There seem to be some omissions from the problem statement. Is this the exact wording of the problem statement, or is it your interpretation? Is any mention made of the number of moles of gas? Is any mention made that the first expansion is adiabatic and reversible? Please write out the problem statement exactly as it appears in your book (or whatever).

Chet
 
Hi and thank you for the greeting :)

This problem statement is in fact translated, though nothing seems to be omitted. Nothing mentioned about the expansion being reversible. Is it incorrect to assume that the first expansion can't be adiabatic as the molar heat capacity during the first process remains constant?

I doubt the original statement would be any help as it was translated. Also I'm pretty sure this is the all information we get from the statement - no moles of gas, nothing else. Is my solution provided in first post incorrect?

Rugile
 
Rugile said:
Hi and thank you for the greeting :)

This problem statement is in fact translated, though nothing seems to be omitted.
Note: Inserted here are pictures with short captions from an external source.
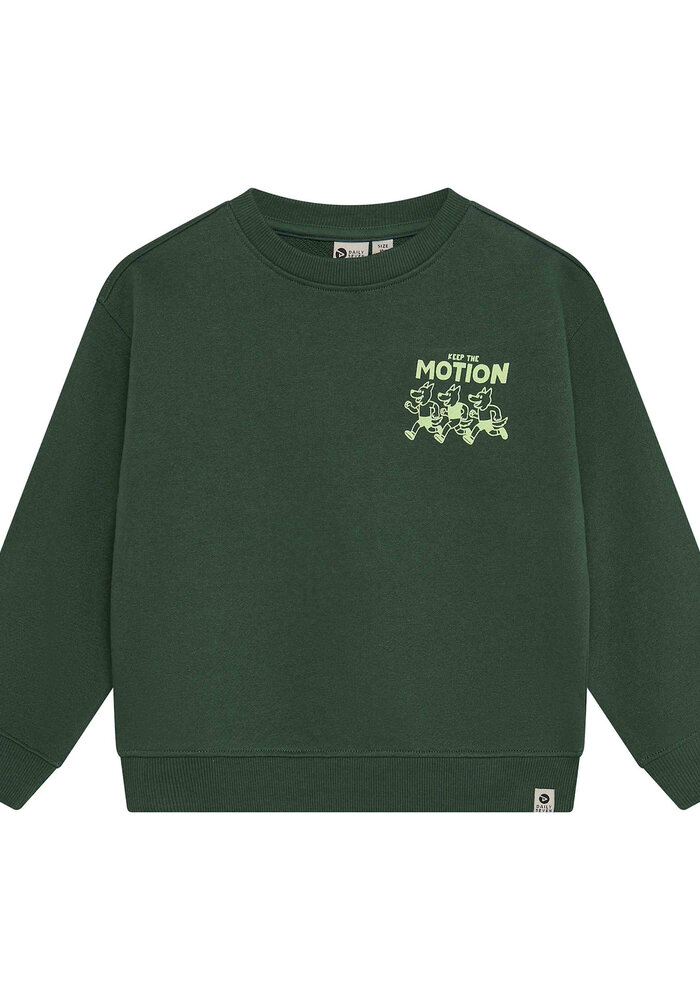 Daily Seven Oversized Sweater Backprint Jungle Green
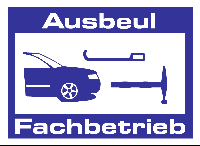 Blau-weiße Grafik mit Auto gerichtet am Schriftzug "Ausbeul Fachbetrieb".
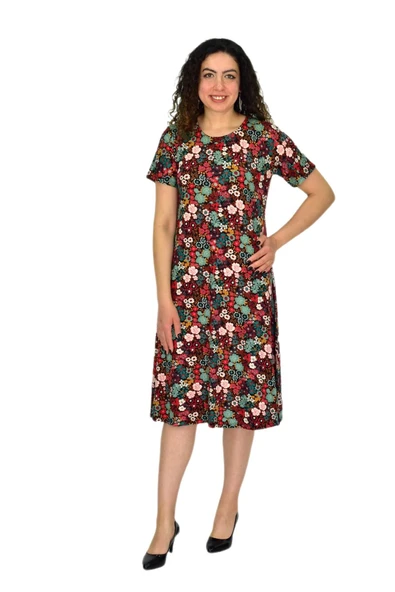 Kadın Kısa Kol Likralı Viskon Elbise BGL-ST04671 - Resim 5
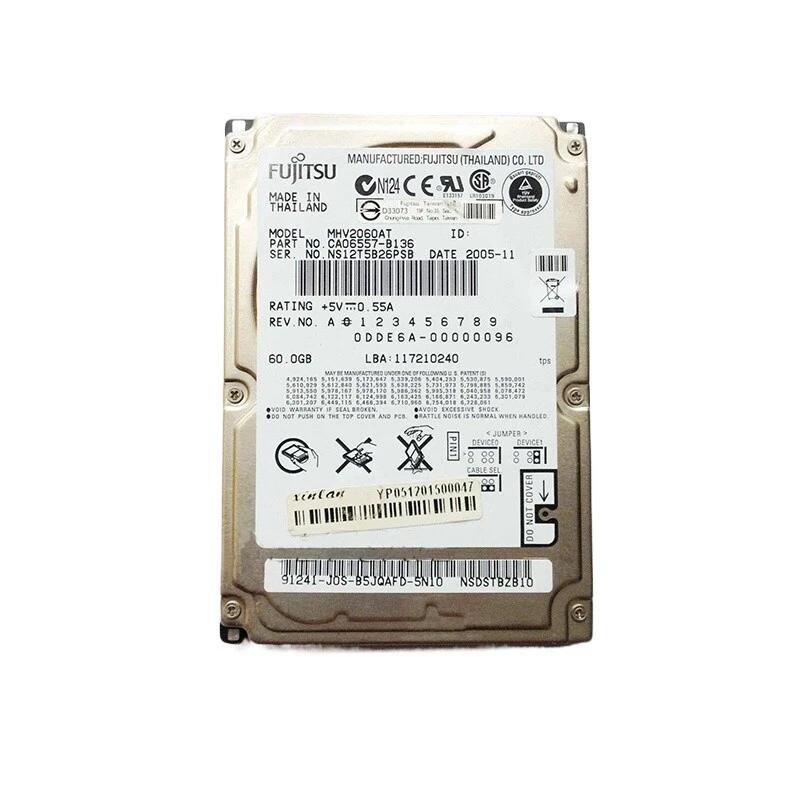 For Fujitsu Laptop Hard Drive 60GB IDE PATA 4200 RPM 2.5" MHV2060AT - Image 1 of 1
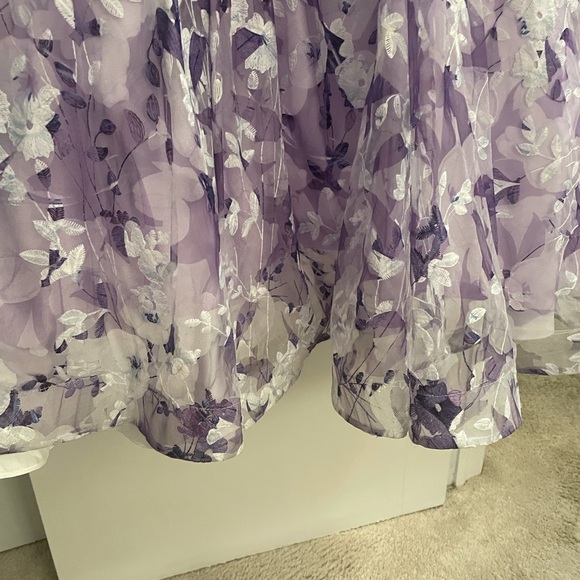 Prom pageant Splash Purple Floral Strapless Dress gown sz 8 back drawstrings - Picture 6 of 13
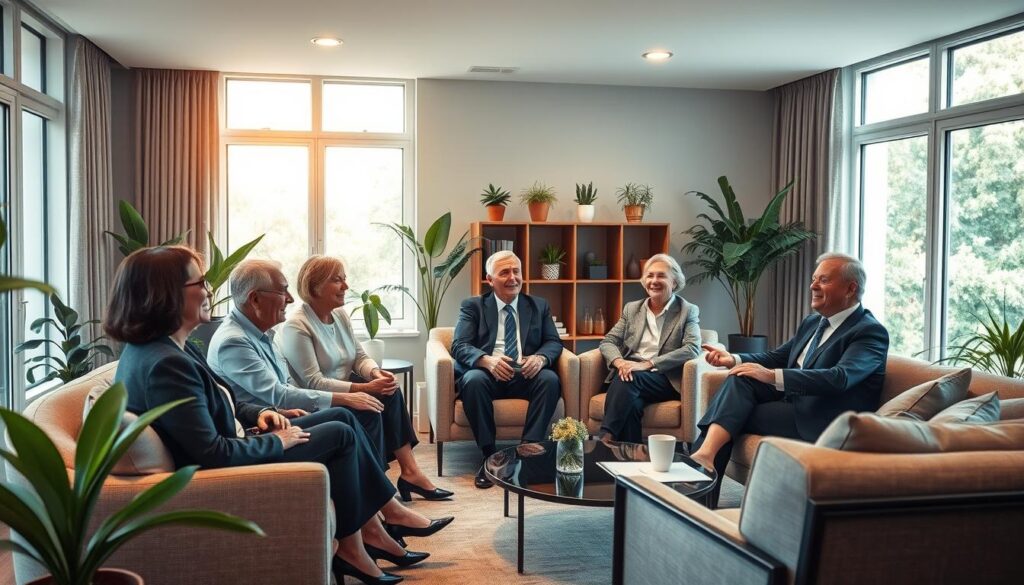 A serene and inviting therapy session room designed for Neurowellness practices, featuring a cozy seating area with modern furniture. In the foreground, a diverse group of elderly individuals, dressed in professional business attire, are engaged in an animated discussion, showcasing expressions of joy and inspiration. The middle ground displays calming decor, including plants and warm lighting, enhancing the atmosphere of well-being. In the background, large windows allow natural light to flood the space, creating an uplifting and peaceful environment. The overall mood is one of connection, empowerment, and creativity, emphasizing the positive impact of Neurowellness on productivity for individuals over 60. The image should convey a sense of hope and community, highlighting the transformative experiences shared by participants. A serene and inviting therapy session room designed for Neurowellness practices, featuring a cozy seating area with modern furniture. In the foreground, a diverse group of elderly individuals, dressed in professional business attire, are engaged in an animated discussion, showcasing expressions of joy and inspiration. The middle ground displays calming decor, including plants and warm lighting, enhancing the atmosphere of well-being. In the background, large windows allow natural light to flood the space, creating an uplifting and peaceful environment. The overall mood is one of connection, empowerment, and creativity, emphasizing the positive impact of Neurowellness on productivity for individuals over 60. The image should convey a sense of hope and community, highlighting the transformative experiences shared by participants.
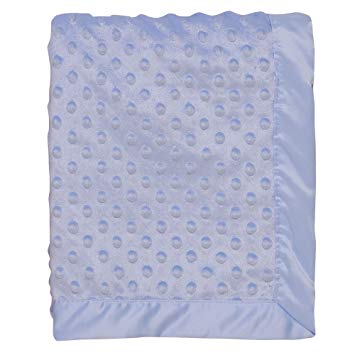 Baby Starters Textured Dot Blanket with Satin Trim, Blue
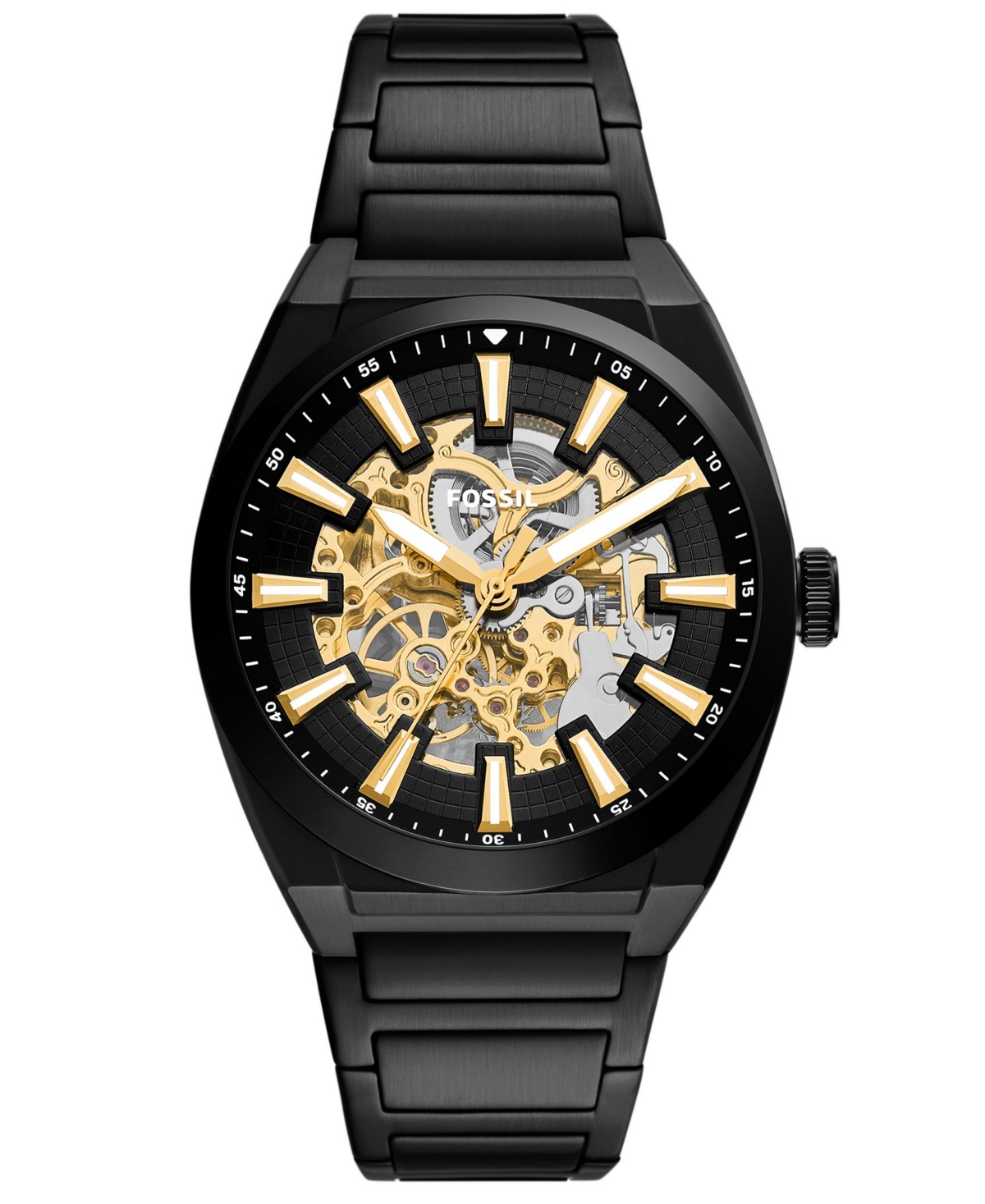 Fossil Men's Automatic Everett Luxury Water-Resistant Black Stainless Steel Bracelet Watch, 42mm - Black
Nothing mentioned about the expansion being reversible. Is it incorrect to assume that the first expansion can't be adiabatic as the molar heat capacity during the first process remains constant?

I doubt the original statement would be any help as it was translated. Also I'm pretty sure this is the all information we get from the statement - no moles of gas, nothing else. Is my solution provided in first post incorrect?

Rugile
I don't know. We must have lost something in the translation. Incidentally, just because the molar heat capacity is constant doesn't mean that the process isn't adiabatic.
 
Chestermiller said:
I don't know. We must have lost something in the translation. Incidentally, just because the molar heat capacity is constant doesn't mean that the process isn't adiabatic.

Well we also know that the gas is made up of single (individual) atoms. But we don't know what atoms. Nothing can be lost, I checked it like a hundred times.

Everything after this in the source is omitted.